Baghdad Medical City (مدينة الطب) formerly known as Saddam Medical City from 1983–2003 and before that known as Medical City Teaching Hospital from 1973–1983 is a complex of several teaching hospitals in Bab Al-Moatham, Baghdad, Iraq. The complex stands where the former Garden of Ridván of Baghdad was.

The Medical City includes the Baghdad University College of Medicine. The largest hospital in the complex is the Surgical Specialties Hospital built in 1980. The second largest is the Baghdad Teaching Hospital, opened in 1970, which contains the out patient clinics and the emergency department. The complex has over a thousand beds for patients.

== Facilities and Buildings ==

=== Hospitals ===
- Baghdad Teaching Hospital
- Surgical Specialties Hospital (includes the Iraqi Center for Cardiac Diseases, Toxicology Center, and Kidney Transplant Center)
- Private Nursing Home Hospital
- Child Protection Teaching Hospital (includes the Bone Marrow Transplant Center)
- Specialized Burn Hospital
- Oncology Teaching Hospital

=== Medical Departments and Centers ===
- Medical City Department (General Management Department)
- Central Laboratories
- Institute of Radiology
- Pasteur Institute
- Tuberculosis Health Center (TB and Chest Institute)
- National Center for Blood Transfusion
- Gastroenterology and Hepatology Center
- Medicolegal Center (Forensic Pathology Department)

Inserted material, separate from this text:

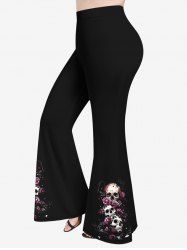 Pantalon évasé grande taille à imprimé tête de mort, rose et branches de fleurs - Noir 3X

=== Educational and Support Facilities ===
- Medical and healthcare schools
- Medical and health libraries with internet centers
- Residency housing for doctors and medical specialists
- Physiotherapy departments (linked to the rehabilitation department in the Ministry of Health)

=== Other Facilities ===
- Police Department

==Financial crisis==
In 2008 there was only one working elevator, out of ten, in the 18 storey building and no air-conditioning.

In February 2016, the hospital, like all public hospitals in Iraq, began to charge patients for individual services. It was expected that supplies of advanced medical equipment like pacemakers and stents will run out during 2016.